Simple Attribution Models via SQL in BigQuery.

May 31, 2020


An article by Sergey Matrosov


You know, one of the main reasons why this blog is named like the old-fashioned attribution “Last Click” is that I and my co-host started our marketing careers when this attribution – like other classical ones such as “First Click” – was the only one we could use. So the naming is a kind of tribute to those old school days.

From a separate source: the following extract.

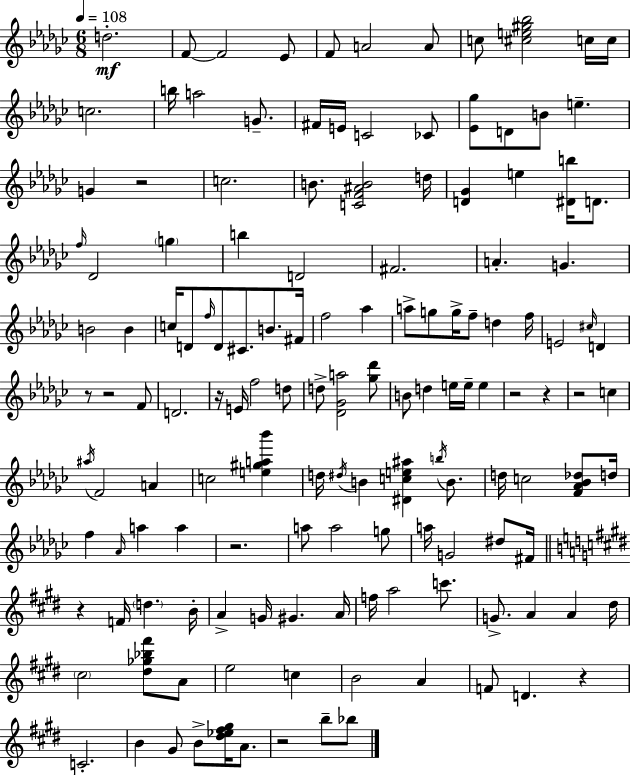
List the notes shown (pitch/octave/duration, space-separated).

D5/h. F4/e F4/h Eb4/e F4/e A4/h A4/e C5/e [C#5,E5,G#5,Bb5]/h C5/s C5/s C5/h. B5/s A5/h G4/e. F#4/s E4/s C4/h CES4/e [Eb4,Gb5]/e D4/e B4/e E5/q. G4/q R/h C5/h. B4/e. [C4,F4,A#4,B4]/h D5/s [D4,Gb4]/q E5/q [D#4,B5]/s D4/e. F5/s Db4/h G5/q B5/q D4/h F#4/h. A4/q. G4/q. B4/h B4/q C5/s D4/e F5/s D4/e C#4/e. B4/e. F#4/s F5/h Ab5/q A5/e G5/e G5/s F5/e D5/q F5/s E4/h C#5/s D4/q R/e R/h F4/e D4/h. R/s E4/s F5/h D5/e D5/e [Db4,Gb4,A5]/h [Gb5,Db6]/e B4/e D5/q E5/s E5/s E5/q R/h R/q R/h C5/q A#5/s F4/h A4/q C5/h [E5,G#5,A5,Bb6]/q D5/s D#5/s B4/q [D#4,C5,E5,A#5]/q B5/s B4/e. D5/s C5/h [F4,Ab4,Bb4,Db5]/e D5/s F5/q Ab4/s A5/q A5/q R/h. A5/e A5/h G5/e A5/s G4/h D#5/e F#4/s R/q F4/s D5/q. B4/s A4/q G4/s G#4/q. A4/s F5/s A5/h C6/e. G4/e. A4/q A4/q D#5/s C#5/h [D#5,Gb5,Bb5,F#6]/e A4/e E5/h C5/q B4/h A4/q F4/e D4/q. R/q C4/h. B4/q G#4/e B4/e [D#5,Eb5,F#5,G#5]/s A4/e. R/h B5/e Bb5/e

But not all old-fashioned methods can be used nowadays. These attributions are like broken glasses: it’s hard to use them, but sometimes you have to. This may be because channels are specific for your business or you are willing to look at your marketing efforts from different points of view. But today, many marketers work in BigQuery so if your goal is to build reports there using classic attributions, this may be the moment you get stuck. So, let’s deal with it!

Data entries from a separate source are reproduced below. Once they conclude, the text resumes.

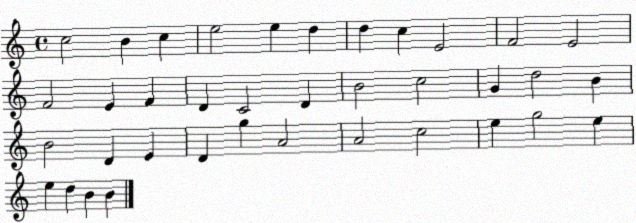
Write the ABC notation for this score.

X:1
T:Untitled
M:4/4
L:1/4
K:C
c2 B c e2 e d d c E2 F2 E2 F2 E F D C2 D B2 c2 G d2 B B2 D E D g A2 A2 c2 e g2 e e d B B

But before we start, remember, we don’t use the lookback window here. If you need it, for example, at last click (touch) and it is equal to 7 days, you must add the following to CASE-WHEN functions: date of the First Touch - date of conversion < 7 days in seconds (604800).

Ok, I guess we can start now. Full SQL query can be found here

1. Our first step is to make a table with event streaming by user

Table
WITH
  WebsiteUserStreaming AS (
  SELECT "11111" AS userid, "2020-01-01" AS time, "blog" AS source, "zero" AS event UNION ALL
  SELECT "11111", "2020-01-02", "organic", "CONVERSION" UNION ALL
  SELECT "22222", "2020-01-01", "ppc", "zero" UNION ALL
  SELECT "22222", "2020-01-02", "blog", "zero" UNION ALL
  SELECT "22222", "2020-01-03", "organic", "zero" UNION ALL
  SELECT "22222", "2020-01-04", "ppc", "zero" UNION ALL
  SELECT "22222", "2020-01-05", "organic", "zero" UNION ALL
  SELECT "22222", "2020-01-06", "direct", "zero" UNION ALL
  SELECT "22222", "2020-01-07", "direct", "CONVERSION" UNION ALL
  SELECT "66666", "2020-01-01", "ppc", "CONVERSION" UNION ALL
  SELECT "66666", "2020-01-02", "blog", "zero" UNION ALL
  SELECT "66666", "2020-01-03", "ppc", "zero"),

2. Then we need to format our query:

FormatedStreaming AS (
  SELECT
    userid,
    UNIX_SECONDS(TIMESTAMP(time)) AS date_in_sec,
    source,
    CASE
      WHEN event = 'zero' THEN 0
      WHEN event = 'CONVERSION' THEN 1
  END
    AS event
  FROM
    WebsiteUserStreaming)

3. Then, we need to check it:

SELECT
  *
FROM
  WebsiteUserStreaming
Table

  • Usually, data of events by user are unsorted. However, as we use WINDOW functions, there is no need for sorting. Even if you do, it’s not a big deal: you can use the operator ORDER BY userid, date_in_sec.
  • Users can visit your site more than once in a day. This is why tables of user’s events often contain dates in TIMESTAMP format and why we transform dates into seconds: to understand the order of a user’s event flow in a day, for example:
    1. 10 PM - user finds our website organically
    2. 3 PM - the same user reaches the website through display ads
    3. 8 PM - the same user reaches the website from an email

    4. Finally, we can write our queries.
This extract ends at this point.